Blood, Drugs & Nazi Pranks: Alt-Right Launders Icons of Hate for Trump Art Show

     MANHATTAN (CN) — In a night where send-ups of rape, slavery, Native American genocide and Martin Luther King lined the walls, photographs of naked men wearing “Make America Great Again” sports caps hung to the side of a liquor bar draped by the Confederate flag.
     Welcome to #DaddyWillSaveUs, a full-frontal assault on political correctness — or perhaps, basic human decency — organized by the group Twinks for Trump, which on Saturday night brought together the two men mainstream America loves to loathe.
     The star attractions of the show included Martin Shkreli — nationally vilified for price-gouging AIDS drugs and currently prosecuted on securities-fraud charges — and Breitbart editor Milo Yiannopoulos, whom Twitter banned over the summer for online harassment.
     Gay, British and a committed internet troll, Yiannopoulos capped off the night by frolicking in a bath of mock-pig’s blood. He billed the Muslim-baiting performance as a response to the Islamic State-inspired massacre at the Pulse nightclub in Orlando, Fla.

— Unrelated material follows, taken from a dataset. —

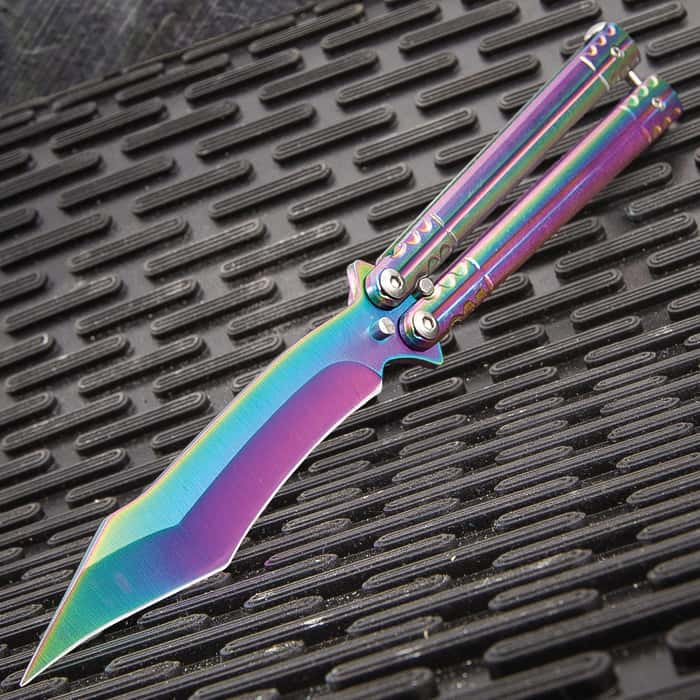 Rainbow Luminescence Balisong Knife Butterfly, Stainless Steel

     If Trump was “Daddy” that evening, notably absent from the right-wing family was the Republican presidential candidate’s running mate Mike Pence, an Indiana governor with an undeniably anti-gay record.
     Twinks for Trump had planned to disturb North Brooklyn with the event, but the owner of the Pierogi Gallery in Williamsburg sent the group packing to Manhattan’s Chelsea art scene days earlier after a profile in Gothamist opened the floodgates of angry messages.
     Courthouse News obtained one such email sent to the owner sent with the subject line “Trump, really?”
     “Cancel,” the message said. “This is an outrage. I’m nauseated.”
     The Wallplay gallery agreed to host the event in Chelsea on the condition that the organizers did not publicize its name. Visitors learned from a sign posted indoors that 100 percent of the night’s proceeds would benefit Trump’s Democratic opponent Hillary Clinton.
     “WE DO NOT SUPPORT TRUMP,” the sign blared. Then, in smaller text, “BUT DO BELIEVE EVERYONE HAS THE RIGHT TO EXPRESS THEMSELVES ARTISTICALLY.”
     And express themselves the artists did — goading black, female, indigenous, Jewish or Muslim people, along with, in their narrative, any uptight liberal who dares to find the displays repulsive, juvenile, offensive or just plain dull.
     Almost immediately upon entering the gallery, one finds a triptych of photographs by Gavin McGinnes, the reputed “Godfather of hipsterdom” who co-founded Vice Media, a multibillion-dollar empire that brands itself upon edgy youth culture.
     In each of the three hashtagged works — #AbolishColumbusDay, #SoSorry and #Rape — a white man resembling the artist mimics a marginalized group, wearing a feathered headdress, a slave’s shackles, and the ruffled dress of a sexual-assault victim. McGinnes, who left Vice and now hosts his own independent podcast, explained in a video describing his work that one of the pieces shows him “pretending to give a shit” about “obvious virtue-signaling.”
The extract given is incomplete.